発信者又は受信者によるメッセージの送受信の否認や受信者による保存メッセージの改ざんのおそれのある場合には、発信者が、受信者側において解読できないように暗号化したデータを、送信するメッセージに付加して送信し、受信者に保存させておくということが行われる。
この場合には、送信するメッセージをハッシュ化したうえで、そのハッシュ値を暗号化してメッセージに付加して、相手方に送信することになる。そして、受信者は、ハッシュ値と元のデータ(送信されたメッセージ)を保存しておくということが行われる。
このような措置が講じられていれば、仮に、受信者が発信者に対して『受信したメッセージの内容(データ)は、そのようなものではない。
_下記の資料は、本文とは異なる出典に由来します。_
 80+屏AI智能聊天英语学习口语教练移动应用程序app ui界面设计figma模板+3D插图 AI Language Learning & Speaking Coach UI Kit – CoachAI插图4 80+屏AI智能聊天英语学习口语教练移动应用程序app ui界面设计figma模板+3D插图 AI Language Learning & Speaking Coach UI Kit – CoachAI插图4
』というような主張がなされたとしても、ハッシュ値をチェックすることにより、受信したメッセージの内容が、発信されたものと同じものであるかどうかを、容易に見分けることができることになる。
ハッシュ値の算出方法は情報の発信者のみが知り得ることにしておけば、このようなハッシュ化の技法を利用することにより、送信されたメッセージが改ざんされているかどうかを確認することができる。
4.セキュリティ・プロトコル
上記3.で述べたセキュリティの機能を効果的に実現するために、これらの機能を組み合わせた「セキュリティ・プロトコル」が使われている。
例えば、公開鍵を使って暗号文を送る場合に、対称秘密鍵で暗号化されているデータの後に公開鍵を使って暗号化した当該秘密鍵を入れ込んで相手方に送り、これを受け取った受信者が、公開鍵のペアであるプライベート・キーを使って暗号文を復号化することにより対称秘密鍵を知り、さらにその秘密鍵を使って元のデータを復号化するというようなことが行われている。
また、このような形で送信するデータがハッシュ化されていれば、送信されるデータ内容の改ざん防止(Integrity)も保証されることになる。